CRANBURY, N.J. (DTN) -- Nearest delivered oil futures traded on the New York Mercantile Exchange registered their third down day Monday, with West Texas Intermediate swinging to a three-month low and oil products two-month lows or better, as relief for an oversupplied market is seen pushed farther into the horizon while the U.S. dollar spiked.
Continuing its rally since the Nov. 8 upset victory for Donald Trump as the next U.S. president, and lent support on expectations the Federal Reserve would hike the federal funds rate when they meet in mid-December the U.S. dollar surged to a nearly one-year high in index trading. Trump, seen as a pro-business president-elect, is expected to reduce regulation and push spending for infrastructure that is seen driving inflation higher, supporting the currency.
In addition to the stronger dollar, which has an inverse relationship with domestic oil prices since oil trades globally in dollar denominations, Trump supports the development of oil and gas that could add to drilling activity following eight years of increasing regulation for the industry under the Obama administration.
NYMEX December WTI futures settled a modest 9 cents lower at $43.32 per barrel (bbl) after bouncing off retracement support for the June-August downtrend at $42.14 with a three-month low on the spot continuation chart of $42.20 bbl. While paring the decline, the WTI contract is on course to test the $39.19 bbl August low in full retracement of an OPEC cut inspired advance now seen unraveling.

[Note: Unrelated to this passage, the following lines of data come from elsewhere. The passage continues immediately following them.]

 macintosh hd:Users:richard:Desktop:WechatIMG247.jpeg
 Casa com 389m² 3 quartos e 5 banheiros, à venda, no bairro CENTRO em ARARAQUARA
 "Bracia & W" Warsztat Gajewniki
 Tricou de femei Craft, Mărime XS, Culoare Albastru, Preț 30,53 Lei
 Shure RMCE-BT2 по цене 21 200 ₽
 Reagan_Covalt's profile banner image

January Brent crude on the IntercontinentalExchange settled down 32 cents at $44.43 bbl, paring a decline to a $43.57 fresh three-month low on the spot continuation chart.

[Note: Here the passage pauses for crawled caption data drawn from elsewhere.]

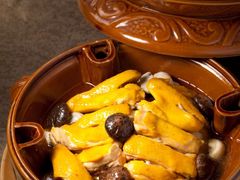 -黔香阁·味(花木店)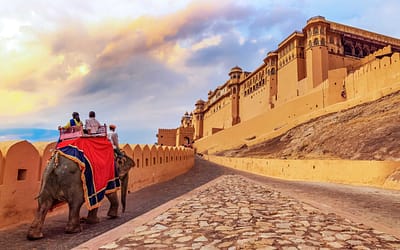 How Many Airports in Maharashtra: A Comprehensive Guide to A …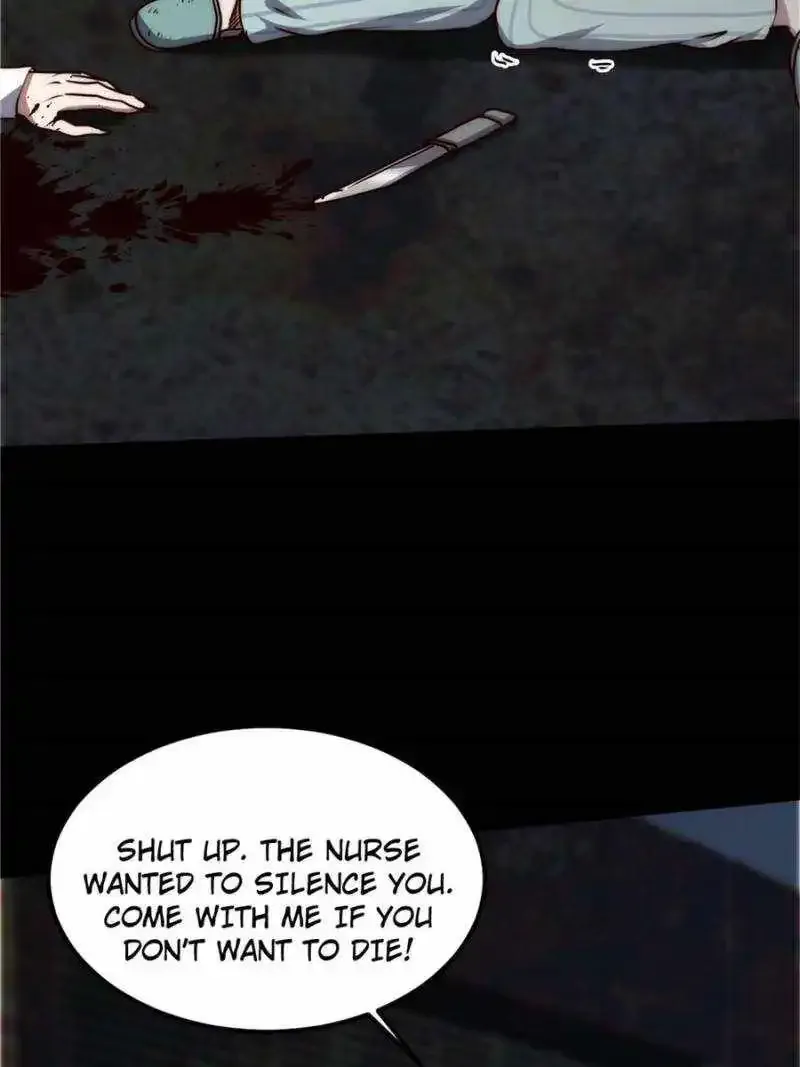 Chapter 53 — page 36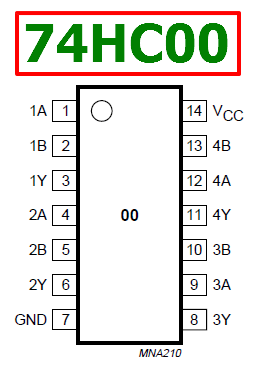 https://tecsho.com/upload/imgs/1405/5/462231.gif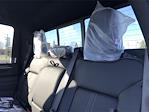 2024 Chevrolet Silverado 3500 Crew Cab 4x4, Pickup for sale #C240169 - photo 16
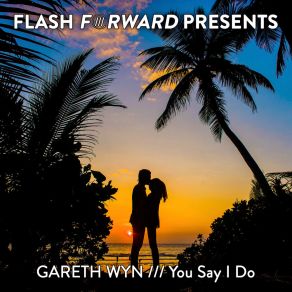 Download track You Say I Do (Radio Edit) Gareth Wyn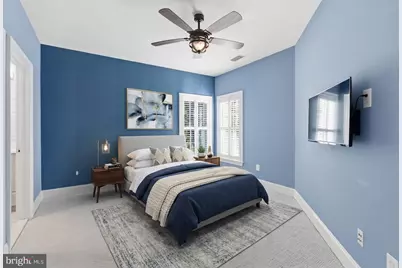 1 Buckeye Lane, Flemington, NJ 08822 - Photo 53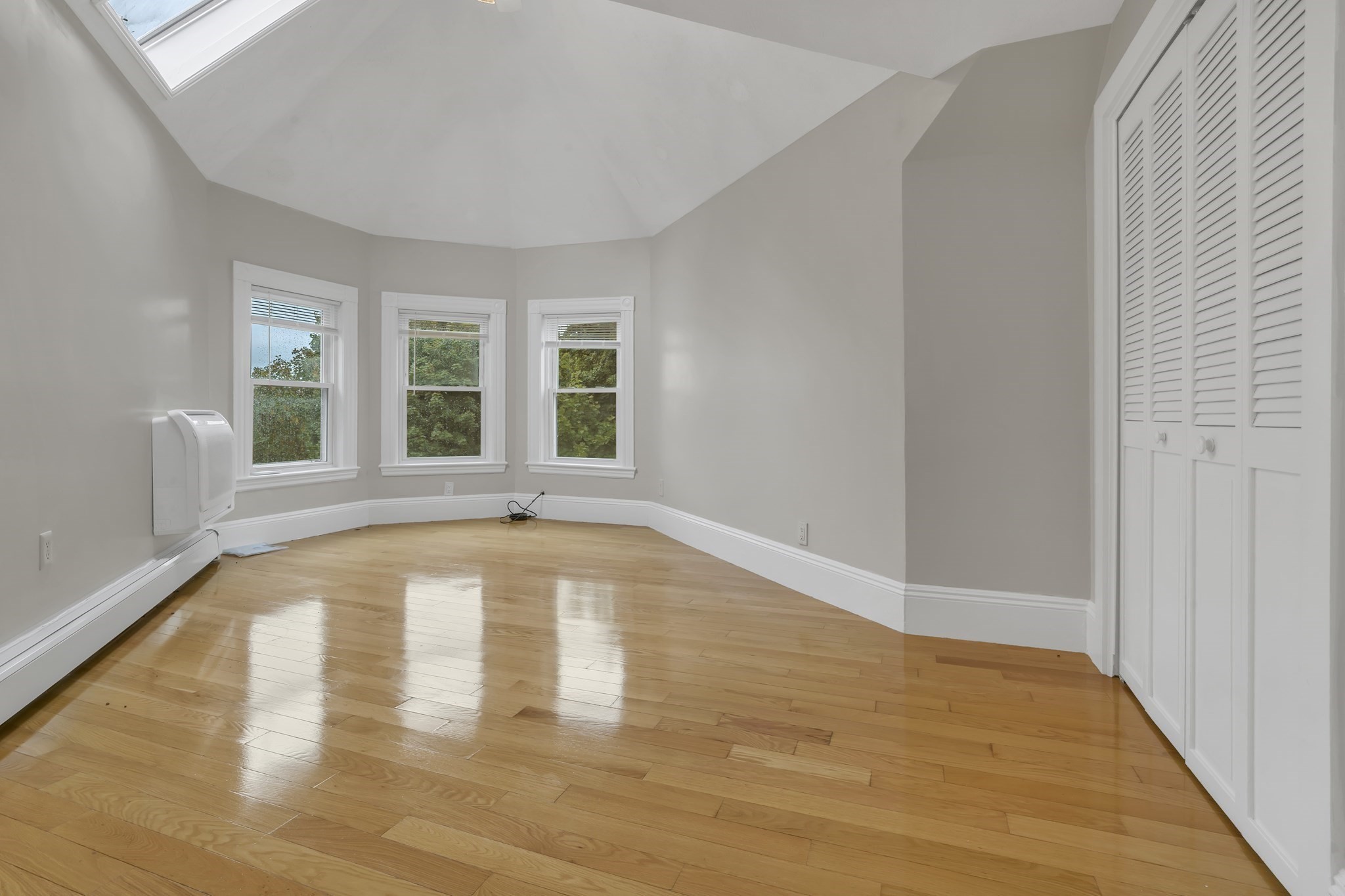 14 S Munroe Terr # 2 Property Photo 15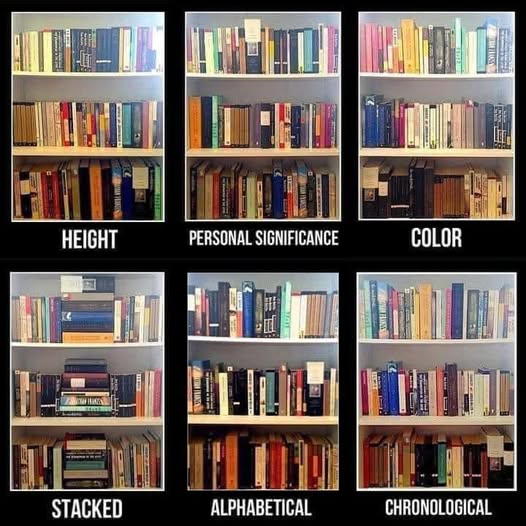 Literary Loves ✍️ 📚 Caroline Malcolm-Boulton tweet media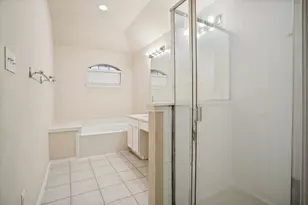 3111 Caddo Ln, Sunnyvale, TX 75182 - Photo 21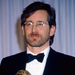 生活照 #02：史蒂文·斯皮尔伯格 Steven Spielberg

NYMEX December ULSD futures settled down 1.57 cents at $1.3855 gallon, edging off a fresh three-month spot low of $1.3737 gallon. The spot-month contract has retracement support near $1.3250 and $1.2500.
NYMEX December RBOB futures ended 2.75 cents lower at $1.2778 gallon, registering the ninth consecutive session with a lower settlement. The contract spiked in ending October on the shutdown of Colonial Pipeline's main gasoline due to an explosion, but the pipeline was repaired and returned to service less than a week later, muzzling the price response in the adequately supplied market. The RBOB contract traded at a better than two-month low on the spot continuation chart of $1.2681 gallon before trimming the loss, and could test retracement support just above $1.19 gallon.
Market expectations for the Organization of the Petroleum Exporting Countries to rein in a globally oversupplied market by agreeing to a cut in production when they meet Nov. 30 and implementing such an agreement have diminished sharply following reports released late last week showing a large increase in world oil supply in October.
The International Energy Agency said in their Oil Market Report released Nov. 10 that global oil supply in October increased 800,000 barrels per day (bpd) to 97.8 million bpd "after producers in OPEC and non-OPEC opened the taps," with 230,000 bpd of that increase generated by OPEC. IEA said OPEC production has increased for five consecutive months through October to a 33.83 million bpd record high.
A day later on Friday, Nov. 11, OPEC corroborated IEA's findings, citing secondary sources in their Monthly Oil Market Report that showed a 240,000 bpd increase in OPEC crude production in October to 33.64 million bpd.
A number of analysts cite the difficulty for OPEC when they meet Nov. 30 to agree to cut production to align with a 32.5 million to 33.0 million bpd output pledge made by members Sept. 28 in Algiers.
Meanwhile, production from Russia, the world's largest producer, is at or near a record high while in the United States output reached a nearly five-month high of 8.692 million bpd in early November.